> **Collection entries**
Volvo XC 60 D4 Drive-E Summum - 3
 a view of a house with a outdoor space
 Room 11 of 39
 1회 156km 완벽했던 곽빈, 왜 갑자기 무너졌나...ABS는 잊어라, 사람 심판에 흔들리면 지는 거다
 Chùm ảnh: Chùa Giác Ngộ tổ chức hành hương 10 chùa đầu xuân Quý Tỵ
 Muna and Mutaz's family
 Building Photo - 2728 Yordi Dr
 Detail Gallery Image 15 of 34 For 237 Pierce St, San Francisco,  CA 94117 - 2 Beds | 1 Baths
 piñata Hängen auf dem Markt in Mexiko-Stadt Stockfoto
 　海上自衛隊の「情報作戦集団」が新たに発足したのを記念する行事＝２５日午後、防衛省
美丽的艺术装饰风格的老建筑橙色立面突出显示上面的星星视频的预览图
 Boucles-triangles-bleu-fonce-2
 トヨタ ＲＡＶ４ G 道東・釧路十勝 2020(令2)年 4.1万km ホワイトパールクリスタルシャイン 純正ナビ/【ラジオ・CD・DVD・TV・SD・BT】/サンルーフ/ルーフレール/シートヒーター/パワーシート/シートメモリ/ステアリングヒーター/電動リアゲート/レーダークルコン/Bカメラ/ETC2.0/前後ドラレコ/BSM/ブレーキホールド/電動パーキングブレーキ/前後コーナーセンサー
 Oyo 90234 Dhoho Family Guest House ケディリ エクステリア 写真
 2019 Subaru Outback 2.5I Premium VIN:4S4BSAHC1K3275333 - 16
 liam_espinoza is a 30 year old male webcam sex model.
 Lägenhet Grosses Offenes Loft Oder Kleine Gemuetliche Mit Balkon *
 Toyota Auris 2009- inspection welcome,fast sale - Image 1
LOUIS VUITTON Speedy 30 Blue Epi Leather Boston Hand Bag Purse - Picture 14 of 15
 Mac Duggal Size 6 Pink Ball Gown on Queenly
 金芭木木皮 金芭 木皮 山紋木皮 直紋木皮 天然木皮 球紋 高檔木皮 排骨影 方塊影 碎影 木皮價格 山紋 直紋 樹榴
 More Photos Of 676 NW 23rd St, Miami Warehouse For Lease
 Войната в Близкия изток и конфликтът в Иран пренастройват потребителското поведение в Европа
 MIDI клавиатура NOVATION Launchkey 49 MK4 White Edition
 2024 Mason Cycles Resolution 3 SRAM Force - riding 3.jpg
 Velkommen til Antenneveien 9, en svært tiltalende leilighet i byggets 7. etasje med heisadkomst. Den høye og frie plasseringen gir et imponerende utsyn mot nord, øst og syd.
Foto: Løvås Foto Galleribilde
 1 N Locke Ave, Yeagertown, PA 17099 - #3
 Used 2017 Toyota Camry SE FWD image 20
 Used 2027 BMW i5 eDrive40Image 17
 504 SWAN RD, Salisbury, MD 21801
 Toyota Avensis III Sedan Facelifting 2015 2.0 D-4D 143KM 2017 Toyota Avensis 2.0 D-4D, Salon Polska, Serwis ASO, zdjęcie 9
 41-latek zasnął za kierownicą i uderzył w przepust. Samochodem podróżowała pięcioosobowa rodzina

> **Goal of the exercise**
Print exactly, and only, the lines from the line containing "1 N Locke Ave, Yeagertown, PA 17099 - #3" through the final line of the records, both included.

> **Output**
 1 N Locke Ave, Yeagertown, PA 17099 - #3
 Used 2017 Toyota Camry SE FWD image 20
 Used 2027 BMW i5 eDrive40Image 17
 504 SWAN RD, Salisbury, MD 21801
 Toyota Avensis III Sedan Facelifting 2015 2.0 D-4D 143KM 2017 Toyota Avensis 2.0 D-4D, Salon Polska, Serwis ASO, zdjęcie 9
 41-latek zasnął za kierownicą i uderzył w przepust. Samochodem podróżowała pięcioosobowa rodzina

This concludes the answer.